### INPUT:

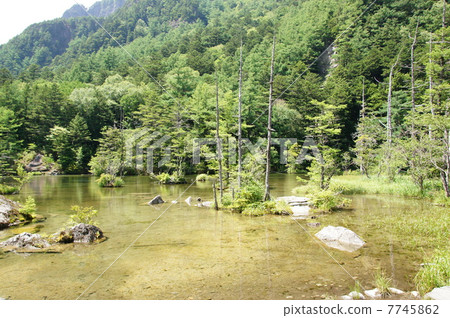 Kamikochi Misakisakei 7745862
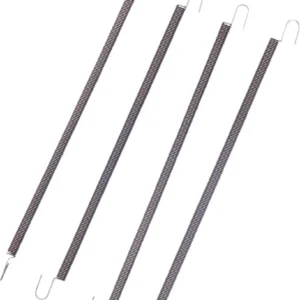 Verzinkte bout Kit De Reparación De Retenes De Horquilla 4Pc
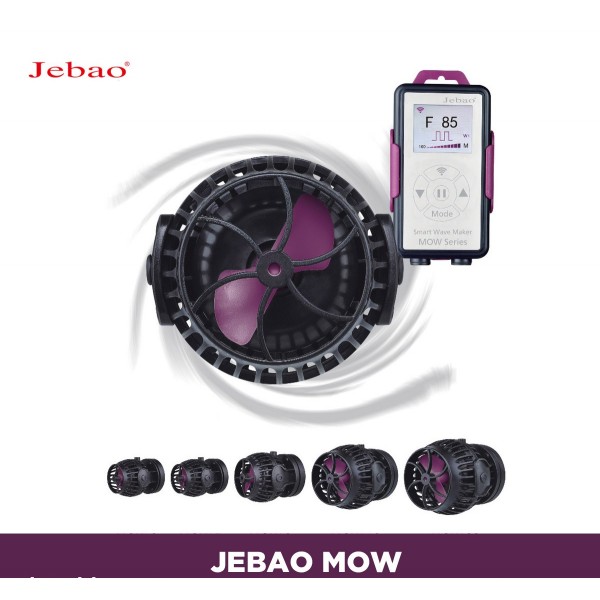 JEBAO SMART WAVE MAKER - MOW ( 3 MONTH WARRANTY )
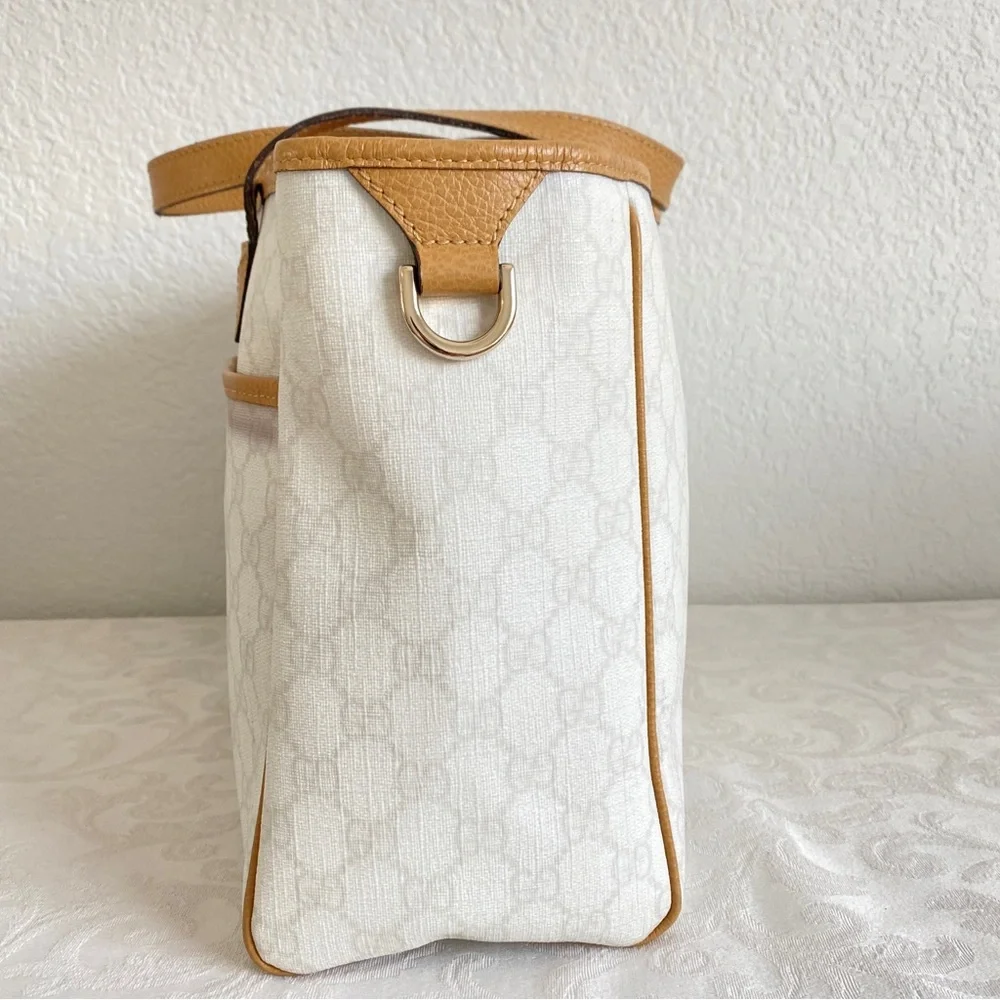 Gucci GG supreme Tote Bag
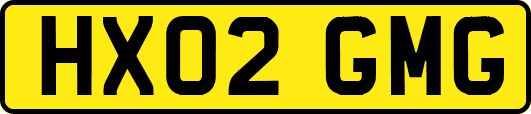 HX02GMG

### WHAT IS REQUIRED:
Pictures are not part of the copy; output everything else in the records exactly.

### REPLY:
 Kamikochi Misakisakei 7745862
 Verzinkte bout Kit De Reparación De Retenes De Horquilla 4Pc
 JEBAO SMART WAVE MAKER - MOW ( 3 MONTH WARRANTY )
 Gucci GG supreme Tote Bag
 HX02GMG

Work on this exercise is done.